Bug 1752734

Summary: Invalid bdm record remains when reserve_block_device_name rpc call times out
Product: Red Hat OpenStack Reporter: Takashi Kajinami <tkajinam>
Component: openstack-novaAssignee: Lee Yarwood <lyarwood>
Status: CLOSED WONTFIX QA Contact: OSP DFG:Compute <osp-dfg-compute>
Severity: high Docs Contact:
Priority: medium    
Version: 13.0 (Queens)CC: dasmith, eglynn, jhakimra, kchamart, lyarwood, sbauza, sgordon, stephenfin, vromanso
Target Milestone: z12Keywords: Triaged, ZStream
Target Release: 13.0 (Queens)   
Hardware: x86_64   
OS: Linux   
Whiteboard:
Fixed In Version: Doc Type: If docs needed, set a value
Doc Text:
Story Points: ---
Clone Of: Environment:
Last Closed: 2020-03-06 18:10:20 UTC Type: Bug
Regression: --- Mount Type: ---
Documentation: --- CRM:
Verified Versions: Category: ---
oVirt Team: --- RHEL 7.3 requirements from Atomic Host:
Cloudforms Team: --- Target Upstream Version:
Embargoed:

Description Takashi Kajinami 2019-09-17 06:22:10 UTC
Description of problem:

When attaching a volume to an instance, nova updates bdm record based on the following flow.

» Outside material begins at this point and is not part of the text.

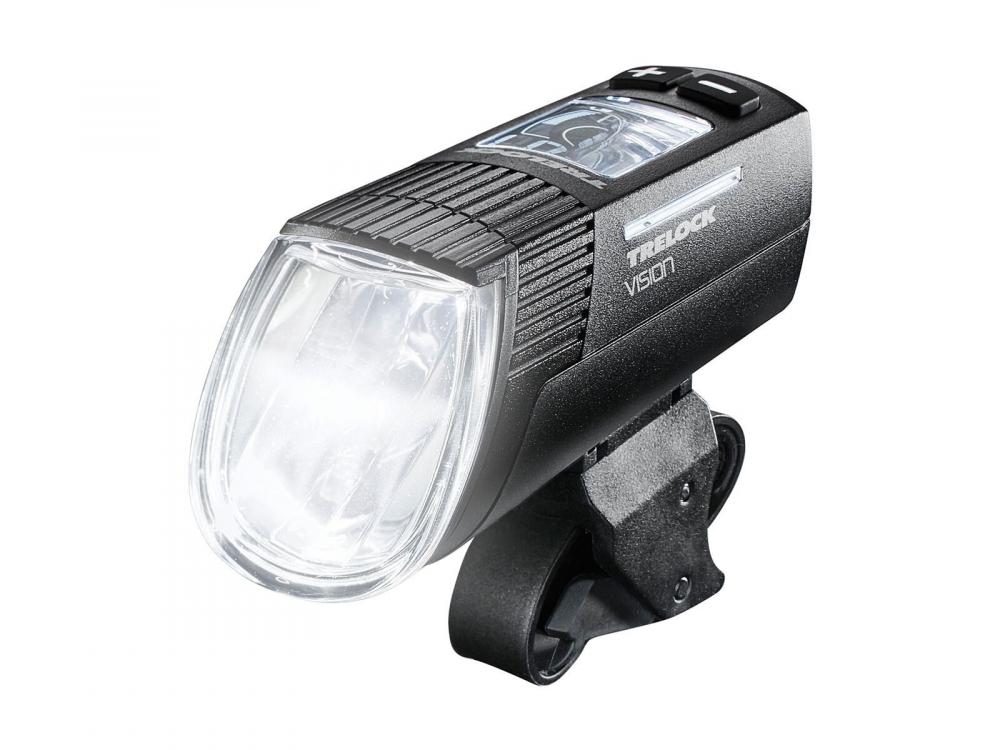 Trelock LS 760 I-Go Vision 100 Lux StVZO USB Fahrrad Frontleuchte schwarz.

 1. nova-api requests to nova-compute over rpc to reserve_block_device_name
 2. nova-compute decide block device name and create a new bdm record without connection info
 3. nova-api again requests to nova-compute to do attaching operation
 4. nova-compute updates bdm with retrieved connection info
 5. if some error like timeout detected between 3-4, remove bdm record created at 2

https://github.com/openstack/nova/blob/stable/queens/nova/compute/api.py#L4000-L4022

The problem that, if rpc timeout happens at step 1-2, for example because of busy nova-compute,
it will ends up with invalid bdm with connection_info:None remains.

Once this bdm record is created, we can not remove it from api and should update bdm record
manually inside database.

How reproducible:
 Always

Steps to Reproduce:
1. Attach a volume to an instance, with causing timeout in rpm communication between nova-api and nova-compute
2. See "openstack server show <instance>"

Actual results:
Invalid bdm record remains and we see volumes_attached added by the operation

Expected results:
Invalid bdm record is deleted we don't see any change in volumes_attached

Additional info: